The First Wave of Legislation and Regulations

John P. Beavers
June 2002

In our last issue of Acredula, we reviewed President Bush’s ten-point plan on corporate governance issued on March 7, 2002, as well as Congressional reaction to the plan and Alan Greenspan’s comments. Since then, we have seen the first wave of legislation from Congress and regulations from a number of organizations, including the SEC, the NYSE and Nasdaq, as well as a new statement of principles of corporate governance by the Business Roundtable (BRT).

CAARTA

In April 2002, the House of Representatives passed the Corporate and Auditing Accountability Responsibility and Transparency Act (CAARTA) by a vote of 334 to 90. CAARTA was sponsored by the House Financial Services Committee, chaired by Michael Oxley (R-Ohio). CAARTA names the SEC as the lead agency to address the Enron problem by requiring disclosure of insider trade before the next business date, greater disclosure of off-balance sheet transactions, more oversight and disclosure of business transactions outside the ordinary course of business or involving management, and more “plain” English explanations of accounting principles.

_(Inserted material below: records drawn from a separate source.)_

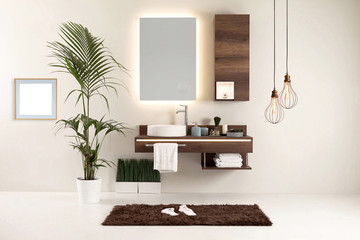 wood design bathroom and interior design. decorative objects for the home, office, hotel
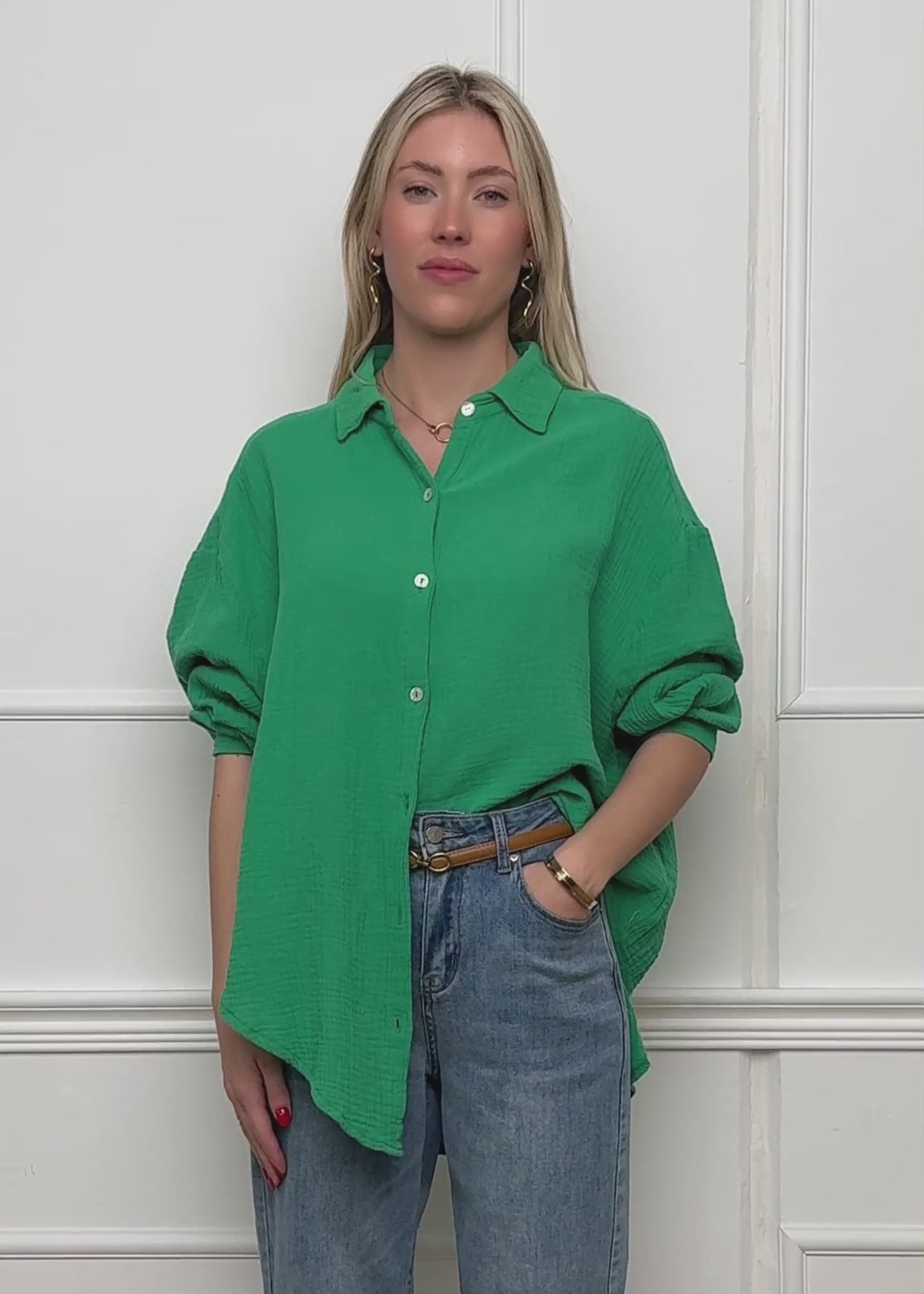 Musselin Bluse oversize, kurz, grün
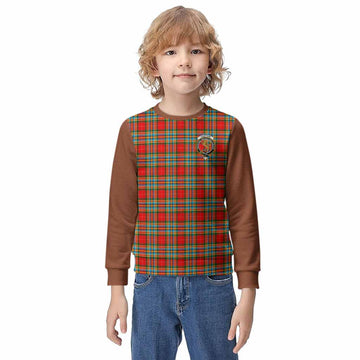 Chattan Tartan Accent Kid Knitted Sweatshirt with Family Crest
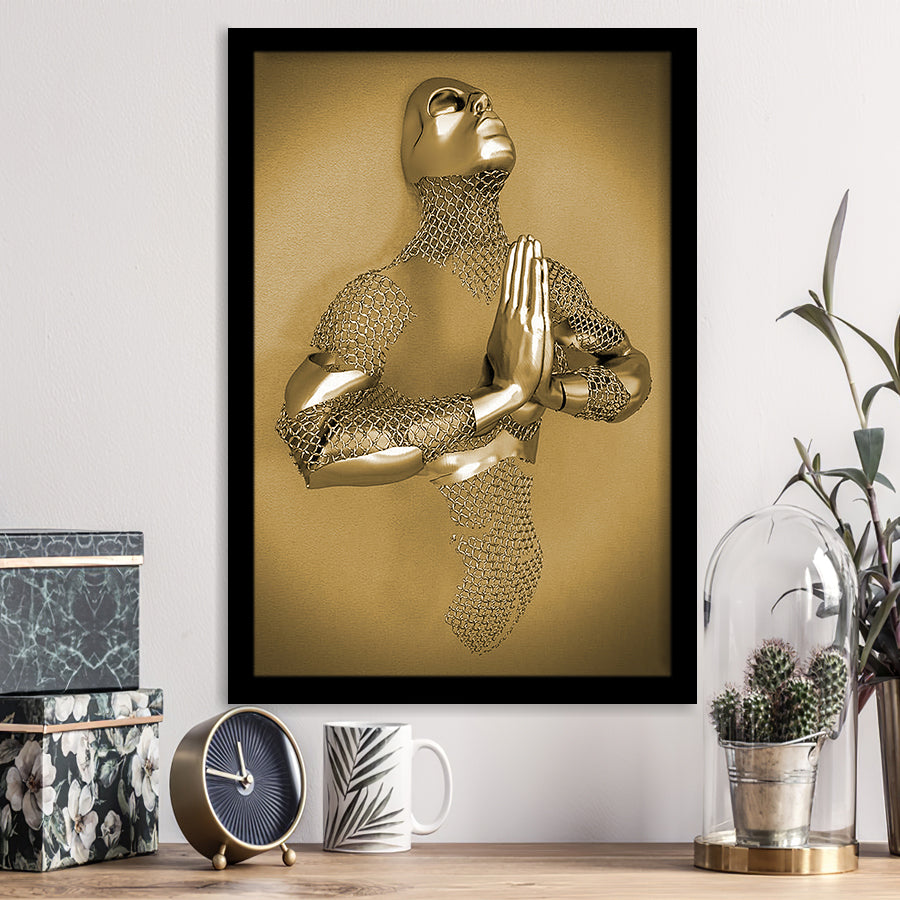 3D Effect Art Prayer For Lost Soul Gold Framed Art Prints Wall Decor - Painting Prints, Wall Art, Home Decor, Prints for Sale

BRT Principles of Corporate Governance

On May 14, 2002, the BRT issued its new Principles of Corporate Governance, a compilation of previous statements from 1997, 1992, 1981 and 1978. The new Principles is an excellent primer on corporate governance for both boards and executives. (BRT's Principles is available at www.brt.org).

The BRT’s new statement is based upon the following guiding principles:

  • The chief duty of a public corporation's board of directors is to select a CEO and to oversee the CEO and other senior management in the competent and ethical operation of the corporation on a day-to-day basis.
  • It is the responsibility of management to operate the corporation in an effective and ethical manner in order to produce value for stockholders. Senior management is expected to know how the corporation earns its income and what risks the corporation is undertaking in the course of carrying out its business. Management should never put personal interests ahead of or in conflict with the interests of the corporation.
  • It is the responsibility of management, under the oversight of the board and its audit committee, to produce financial statements that fairly present the financial condition and results of operations of the corporation, and to make the timely disclosures investors need to permit them to assess the financial and business soundness and risks of the corporation.
  • It is the responsibility of the board and its audit committee to engage an independent accounting firm to audit the financial statements prepared by management and to issue an opinion on those statements based on generally accepted accounting principles. The board, its audit committee, and management must be vigilant to ensure that no actions are taken by the corporation or its employees that compromise the independence of the outside auditor.
  • It is the responsibility of the independent accounting firm to ensure that it is independent, is without conflicts of interest, employs highly competent staff, and carries out its work in accordance with generally accepted auditing standards. It is also the responsibility of the independent accounting firm to inform the board, through the audit committee, of any concerns the auditor may have about the appropriateness or quality of significant accounting treatments, business transactions that affect the fair presentation of the corporation’s financial condition and results of operations, and weaknesses in internal control systems. The auditor should do so in a forthright manner and on a timely basis, whether or not management has also communicated with the board or the audit committee on these matters.
  • The corporation has a responsibility to deal with its employees in a fair and equitable manner.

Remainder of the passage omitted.